WAFA certified


The last few days have been spent working on getting our WAFA (Wilderness Advanced First Aid) certificates and today was the last day. Everyone passed! The last few days were definitely the most trying and exhausting yet of the trip, eight hours of intense learning and training certainly takes it out of you. Sleep has come super easy every night, I’ve been falling asleep in record time every night. I started drinking coffee for the first time consistently, and it’s been awesome with a lot of cream and sugar. We still have yet to really adventure into the town of Mussoorie, but the other night everyone in the group went on a walk together in the little town of Landor that’s right next to the campus. We saw a little of the local scene, with cars speeding down the narrow street, and a seemingly organized chaos of the couple shops and restaurants. There are a ridiculous amount of dogs just hanging around that live outside, barking at every move you make. It was getting dark so we didn’t stay out too late, walking a three-mile loop called figure eight. The entire town is Landor is encompassed by these two loops that make the figure eight, and the loops sit on top of a small peak that allows you to see in all directions.
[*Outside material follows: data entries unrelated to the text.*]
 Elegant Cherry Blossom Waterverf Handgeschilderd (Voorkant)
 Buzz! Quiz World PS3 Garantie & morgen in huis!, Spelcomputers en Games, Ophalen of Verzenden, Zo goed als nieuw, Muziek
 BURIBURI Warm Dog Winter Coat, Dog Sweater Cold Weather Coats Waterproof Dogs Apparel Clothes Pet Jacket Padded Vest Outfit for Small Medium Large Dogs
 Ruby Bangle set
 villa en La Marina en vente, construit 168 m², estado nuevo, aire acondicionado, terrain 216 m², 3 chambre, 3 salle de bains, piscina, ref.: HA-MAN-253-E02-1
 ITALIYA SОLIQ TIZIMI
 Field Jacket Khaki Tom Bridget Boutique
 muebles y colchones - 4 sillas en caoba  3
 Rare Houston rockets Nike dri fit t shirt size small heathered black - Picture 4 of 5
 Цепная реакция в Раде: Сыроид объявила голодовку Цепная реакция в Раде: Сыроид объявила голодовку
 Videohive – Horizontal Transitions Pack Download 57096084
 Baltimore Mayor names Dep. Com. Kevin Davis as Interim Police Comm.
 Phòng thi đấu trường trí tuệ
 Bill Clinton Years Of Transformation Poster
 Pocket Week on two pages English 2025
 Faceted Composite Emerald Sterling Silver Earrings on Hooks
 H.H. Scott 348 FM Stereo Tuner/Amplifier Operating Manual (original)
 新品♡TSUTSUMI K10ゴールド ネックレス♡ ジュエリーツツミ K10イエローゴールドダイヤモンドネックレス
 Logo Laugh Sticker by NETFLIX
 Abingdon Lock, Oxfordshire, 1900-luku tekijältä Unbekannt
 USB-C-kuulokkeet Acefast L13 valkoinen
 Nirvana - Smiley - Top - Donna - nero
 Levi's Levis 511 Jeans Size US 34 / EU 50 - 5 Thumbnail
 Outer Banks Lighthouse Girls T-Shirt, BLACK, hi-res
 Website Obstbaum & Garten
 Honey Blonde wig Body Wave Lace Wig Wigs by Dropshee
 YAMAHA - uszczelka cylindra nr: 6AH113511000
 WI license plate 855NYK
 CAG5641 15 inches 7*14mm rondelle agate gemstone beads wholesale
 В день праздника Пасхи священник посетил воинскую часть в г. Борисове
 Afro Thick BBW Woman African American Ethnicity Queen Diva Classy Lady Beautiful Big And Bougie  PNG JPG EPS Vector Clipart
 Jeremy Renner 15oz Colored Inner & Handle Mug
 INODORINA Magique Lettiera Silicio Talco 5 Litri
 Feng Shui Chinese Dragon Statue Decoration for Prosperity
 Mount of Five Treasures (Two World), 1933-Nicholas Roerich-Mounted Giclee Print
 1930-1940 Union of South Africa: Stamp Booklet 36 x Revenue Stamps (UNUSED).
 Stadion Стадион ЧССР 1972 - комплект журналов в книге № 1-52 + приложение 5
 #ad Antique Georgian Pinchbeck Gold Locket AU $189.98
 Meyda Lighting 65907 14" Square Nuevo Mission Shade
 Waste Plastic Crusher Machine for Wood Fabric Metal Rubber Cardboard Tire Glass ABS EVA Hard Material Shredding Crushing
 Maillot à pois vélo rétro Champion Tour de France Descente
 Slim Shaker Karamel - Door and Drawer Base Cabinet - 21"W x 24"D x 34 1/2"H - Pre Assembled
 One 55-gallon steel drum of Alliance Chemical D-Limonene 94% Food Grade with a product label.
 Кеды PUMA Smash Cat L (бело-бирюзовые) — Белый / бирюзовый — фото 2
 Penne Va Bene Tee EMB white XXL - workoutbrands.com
The views are truly stunning especially at night right after the sun had set. I have to get out there to see the actual sunset, and maybe even a sunrise if I have the strength to wake up that early some morning. 

As far as the WAFA class went we spent the majority of the first two days learning the material with some scenarios in between lessons to give us experience on what to do and how to handle the situations. The last two days were more scenario focused, with some material still being included. Yesterday, which was Monday, we also did CPR and got certified for that; a separate certification. Today we concluded the WAFA certification with a short test. Within the WAFA class, we covered the basics of first aid for specific wilderness situations, but also general first aid that can be applicable to most scenarios. We learned how to take care of open wounds, deal with head injuries, prevent frostbite and hypothermia, and respond to allergic reactions among many other things. 

What skills, abilities and processes you learned from the Wilderness Advanced First Aid training are most transferrable to the theory and implementation of leadership? Why?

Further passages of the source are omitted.